Pollack konstatiert insgesamt eine "schwache religiöse Nachfrage" in der säkularen westlichen Gesellschaft. Das größte Problem der Kirche bestehe heute darin, dass Glaube und Kirche den Menschen nicht so wichtig seien: "Sie haben andere Prioritäten", sagte der Wissenschaftler der Universität Münster. Die Kirche müsse daher den Sinn für Religion und "das Unendliche" in der Gesellschaft präsent halten und versuchen, den Menschen die Frage nach Gott dringlich zu machen.
Auf Debatte über Werte einlassen
Der Bochumer Historiker Lucian Hölscher riet der Kirche, die säkulare Gesellschaft weder als Gegner des Christentums noch als passives Handlungsfeld für Mission zu sehen, sondern als Gegenüber, das den Kirchen etwas zu geben habe. Viele säkulare Menschen und Institutionen unterstützten die Kirchen, weil es zahlreiche gemeinsame Anliegen gebe. Die Kirchen sollten ihrerseits bereit sein, sich auf Debatten über Werte und Grundlagen des Zusammenlebens einzulassen.
Die katholische Politikwissenschaftlerin und Journalistin Christiane Florin rief zu einem wachen Blick auf die Gesellschaft und zu einer "belangvollen" Ökumene auf. In beiden großen Kirchen gebe es wenige Orte, an denen über die viel beschworene Botschaft gesprochen werde: "Was ich wirklich glaube, ist selten ein Thema." Sie warnte die Kirchen vor "Selbstgenügsamkeit" und vor einer Überschätzung der inneren Pluralität. Die Pole hießen nicht mehr "evangelisch" oder "katholisch", sondern "liberal" oder autoritär".

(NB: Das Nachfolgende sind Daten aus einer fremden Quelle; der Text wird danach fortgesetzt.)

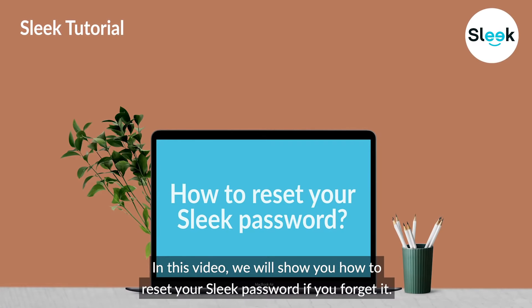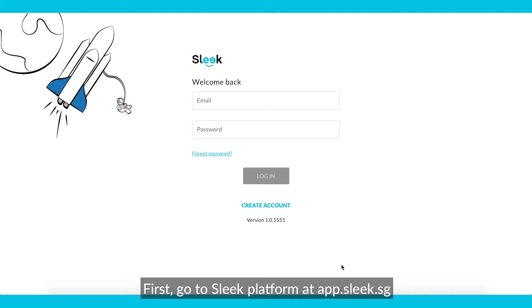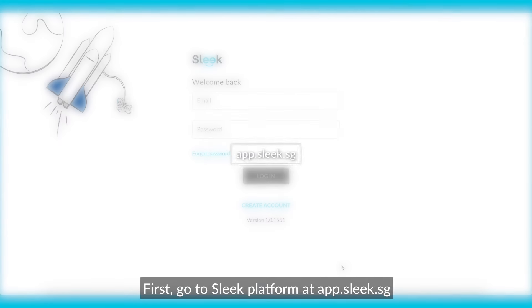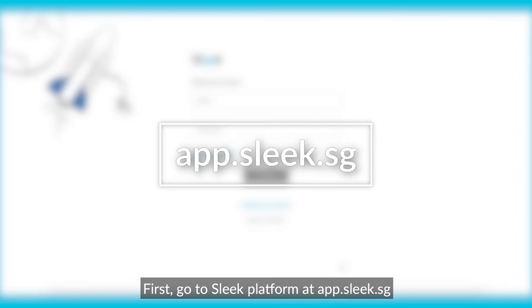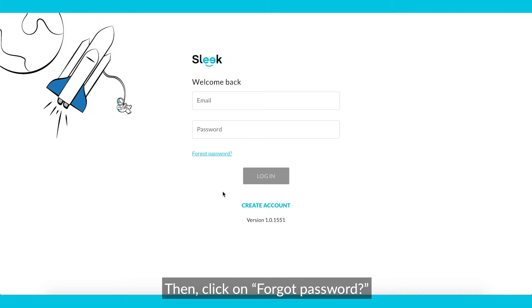In this video, we will show you how to reset your Sleek password if you forget it. First, go to Sleek Platform at app.sleek.sg. Then, click on Forgot Password?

Die 120 Mitglieder des Kirchenparlaments sollen bei ihrer bis Mittwoch dauernden Jahrestagung ein Papier erarbeiten, das Anstöße für mögliche Veränderungen gibt. Die Gedanken des Synodenpräsidiums zum Schwerpunktthema "Zukunft auf gutem Grund" enthält Thesen und Fragen zur Kommunikation und Beteiligungsmöglichkeiten in der evangelischen Kirche.
Konkret wird etwa gefragt, ob das Kirchenmitgliedschaftsrecht "vielfältiger" gestaltet werden kann. Anlass dafür sei das "Bedürfnis vieler Menschen, Kirche erst einmal auszuprobieren", sagte der Vizepräses der EKD-Synode, Klaus Eberl. Allerdings werfe eine gestufte Mitgliedschaft grundlegende Fragen etwa nach dem Kirchensteuereinzug und der Verbindlichkeit von Kirchenzugehörigkeit auf. Noch lasse sich nicht vorhersagen, was die entsprechenden Überlegungen ergeben, sagte Eberl. In der Vorlage des Präsidiums werden noch weitere Fragen gestellt, die in der Diskussion um die Zukunft der Kirche eine Rolle spielen sollten, unter anderem, wie Kirche es schaffen kann, häufiger vom Sende-Modus zum Dialog überzugehen, und und wie Kirche über die bekannten Milieus hinaus wirken kann.